ISLAMABAD: Violence against women was strongly condemned in a dialogue titled ‘Gender Violence — State Responsiveness and Accountability’ with reference to International Women’s Day on Wednesday.
Justice (r) Nasira Javed Iqbal claimed that the government was not interested in empowering women and that it legislated for political purposes only. “There is a dire need for positive legislation and its active implementation,” she said. She said clerics should not be involved in law making, quoting Quaid-e-Azam who said that religion had nothing to do with state business. She criticised “mild” punishments for crimes like rape, trafficking, wani, karokari and other anti-women practices adopted in society.
She said that violent crimes against women should be punished by at least 10 years imprisonment and that these offences should be non-bailable. Nasira said no province had a female judge which showed the opportunities available to women. Function participants stressed the need for active implementation of already existing women’s protection laws and said the practice of covering up cases of violence should end.
Mohammad Ali Saif, an advisor to the minister for women and youth affairs, admitted that there were weaknesses in the policy-making process to protect women. He said, “We are aware of the flaws in the system but it will take time to remove them”.
He said it was easy to criticise the government for any policy or law but that it was also a reality that the government did not have a magic wand, with which to remove all problems within no time.
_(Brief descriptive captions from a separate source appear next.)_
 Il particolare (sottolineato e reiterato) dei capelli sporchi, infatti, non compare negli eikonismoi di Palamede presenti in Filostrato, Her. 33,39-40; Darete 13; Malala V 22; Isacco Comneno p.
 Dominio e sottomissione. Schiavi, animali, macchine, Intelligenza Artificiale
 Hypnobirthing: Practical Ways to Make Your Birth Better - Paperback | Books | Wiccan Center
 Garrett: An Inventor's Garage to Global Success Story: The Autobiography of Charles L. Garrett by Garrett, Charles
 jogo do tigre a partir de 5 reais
He praised President Pervez Musharraf for passing an ordinance allowing women prisoners to be released on bail.
Law and Human Rights Ministry Additional Secretary Hakim Khan said the ministry was trying its best to make laws to protect women. He said a bill, put up in parliament, would help reduce violence against women.
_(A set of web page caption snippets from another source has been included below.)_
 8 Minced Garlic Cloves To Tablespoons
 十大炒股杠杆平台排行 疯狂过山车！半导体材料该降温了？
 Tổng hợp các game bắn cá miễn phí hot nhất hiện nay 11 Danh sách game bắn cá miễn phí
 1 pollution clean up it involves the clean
Islamabad Traffic Police SP Halina Saeed spoke against the hostile attitude of men towards women. She said, “Women just want an environment in which they can work comfortably.”
She said the government should care for ordinary women before making any policy. “Almost 64 amendments have been made in the police department over the last four years but we, who are working the department, are unaware of them,” she said.
Absar Alam, a senor journalist, highlighted the crucial role of media in society. He said, “Media should portray women in a positive light and should avoid using them for exhibition.” Naeem Mirza, of the Aurat Foundation, called for special legislation against domestic violence.